Fan von … Nina

Name: Nina Probst           

Beruf: Redakteurin

Sportbezug: Hobbysportlerin (Laufen, Bouldern, Fitness, Eishockey, …)

Homepage: www.sportfrauen.net

Facebook: www.facebook.com/Sportfrauen

Meine Story:

Ich habe vor zwei Jahren die Webseite www.sportfrauen.net ins Leben gerufen und bestücke die Seite regelmäßig mit Nachrichten rund um den Spitzensport der Frauen. Geld bekomme ich dafür nicht, ich mache das eher hobbymäßig. Dafür bekomme ich viele tolle Nachrichten von Sportfans, die mein Anliegen unterstützen. Ich habe selbst Sport studiert und ich liebe Sport – in jeglicher Form. Lasst mich kurz erklären, worum es mir mit „Sportfrauen“ geht und wie es dazu kam.

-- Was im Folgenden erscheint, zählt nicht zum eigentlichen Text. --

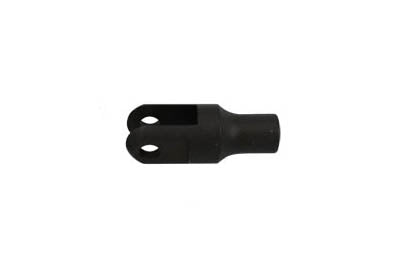 Front Mechanical Brake Rod Clevis 1937 / 1948 UL 1936 / 1940 EL 1941 / 1957 FL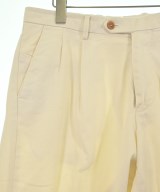 BERWICK（バーウィック）その他 白 サイズ:46(M位) メンズ/2200659938275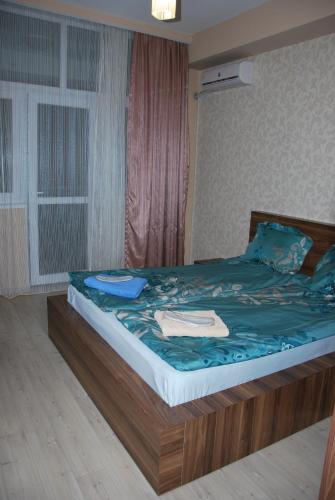 Apartment Lali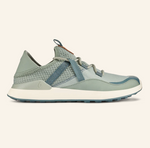 Kawela Golf Shoes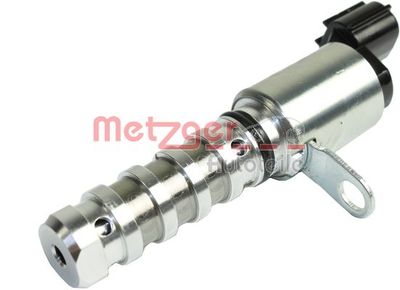 METZGER 0899132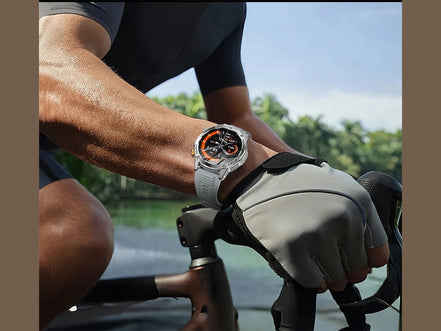 LIGE 2025 New For HUAWEI Xiaomi 1000mah AMOLED Smart Watch Men Sports Fitness LED Flashlight 3ATM Waterproof BT Call Smartwatch - Simply Just Deals LLCLIGE 2025 New For HUAWEI Xiaomi 1000mah AMOLED Smart Watch Men Sports Fitness LED Flashlight 3ATM Waterproof BT Call Smartwatch14:29BlackBlackLIGE 2025 New For HUAWEI Xiaomi 1000mah AMOLED Smart Watch Men Sports Fitness LED Flashlight 3ATM Waterproof BT Call Smartwatch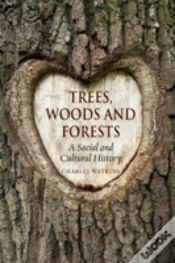 Capa do artigo Trees, Woods And Forests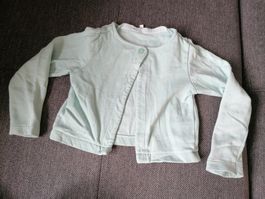 Bolero Gr 126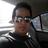 ShrikantKamath's profile image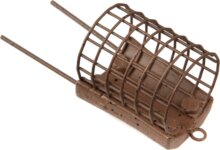 Nevis River Plus Feeder 100g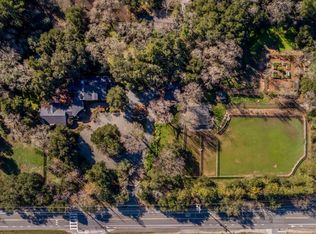 1100 Canada Rd, Woodside, CA 94062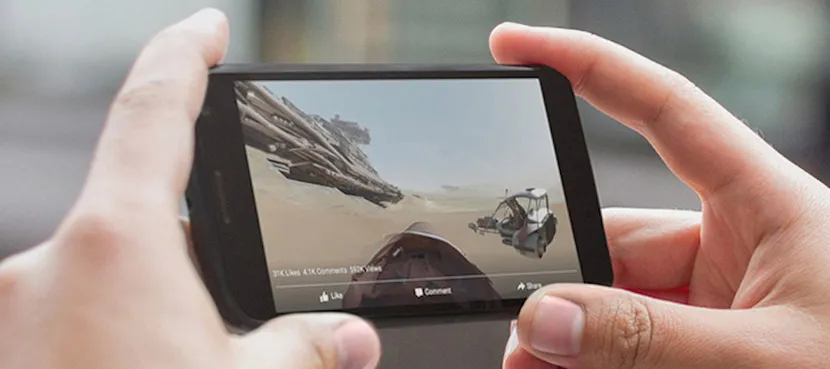 360-facebook-video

Habt ihr euch schon einmal in den deutschen Sportmedien umgesehen? Ich mache das regelmäßig – und habe festgestellt: Es wird viel über Männer berichtet, wenig über Frauen. Vor allem in beliebten Sportarten wie Fußball oder Eishockey lässt sich das beobachten. Das hat mich wahnsinnig geärgert. Schon lange. Ich habe darüber nachgedacht, wie ich das ändern kann und habe die Sportfrauen-Facebookseite eröffnet. Ich habe Artikel aus dem Frauensport gesucht und dort gepostet. Das war nicht einfach – ich habe kaum etwas gefunden. Nur wenn mal eine WM stattgefunden hat oder ein Skandal die Runde gemacht hat. Eine eigene Webseite musste her.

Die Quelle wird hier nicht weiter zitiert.